Wildlife Watch: Make way for amphibians
WEST RUTLAND, Vt. (WCAX) - As the weather warms up, many critters are on the move. That includes the annual amphibian migration to vernal pools and wetlands to breed.
At the Whipple Hollow Wildlife Management Area in West Rutland, Vermont Fish and Wildlife herpetologist Luke Groff is looking for signs of amphibians. “Springtime in Vermont is time for amphibian migration,” Groff said. “Right now they are kind of waking up, shaking off the winter and bee-lining it to their breeding site.”

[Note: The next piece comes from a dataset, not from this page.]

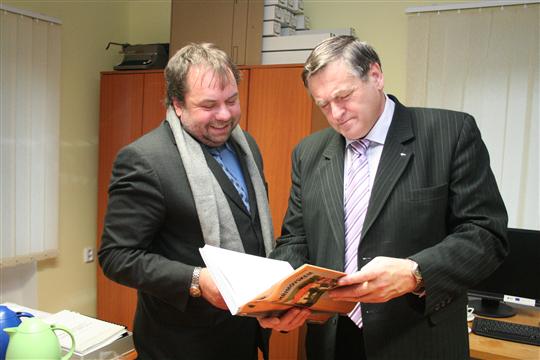 Hejtman Běhounek se starostou obce Lhota-Vlasenice Milanem Houškou na obecním úřadě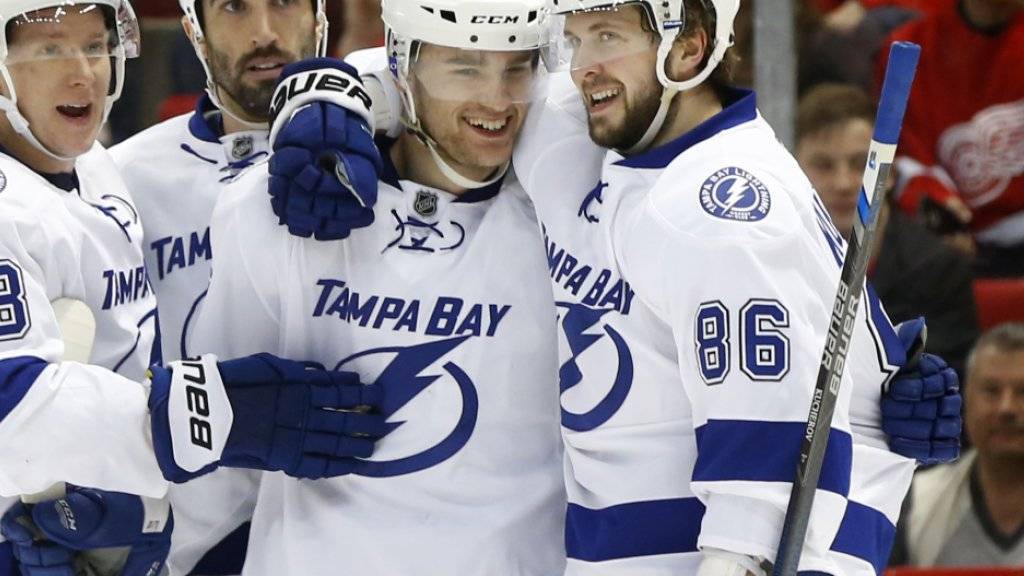 Holten mit Joel Vermin und Tanner Richard zwei Schweizer Spieler aus dem AHL-Farmteam in die NHL: die Tampa Bay Lightning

“So now, during or after snowmelt or during March and April, when temperatures are right and precipitation is right. It’s when a lot of our amphibians will be coming out of their overwintering habitats and moving into their breeding habitats,” Groff said. He says the migration time is an exciting for wildlife watchers. “It’s kind of a social thing. You go out to an area where there is a road bisecting a breeding site and an upland winter habitat and that’s when the critters would cross the road. You are typically looking after sundown, during rainy nights, when temps are above 40 degrees. And you can imagine that sometimes you get out there and there are a couple of frogs, salamanders crossing the road. Sometimes, it’s hundreds and sometimes it’s thousands depending on the year. Depending on the time, it could be amazing.”
Groff says those frogs, toads, and salamanders have one interest. “They are going to breeding sites. A lot of the species that we are talking about right now are vernal pool amphibians, so they are breeding in a wetland much like this one. This is a vernal pool that will temporarily dry. There are no fish but some of these species will also use other wetland types,” he said. “These amphibian crossings can be found statewide. There are some well-known ones, there are some ones that haven’t been found yet. If you find an amphibian crossing, it would be great that you could report it.”
Groff reminds would-be watchers at road crossings to not go alone, to wear reflective clothing, and enjoy from a distance nature’s way of welcoming in a new season. “It is a sign of spring. It’s a sign that winter is behind us, spring is in front of us or on us, and warmer days are coming.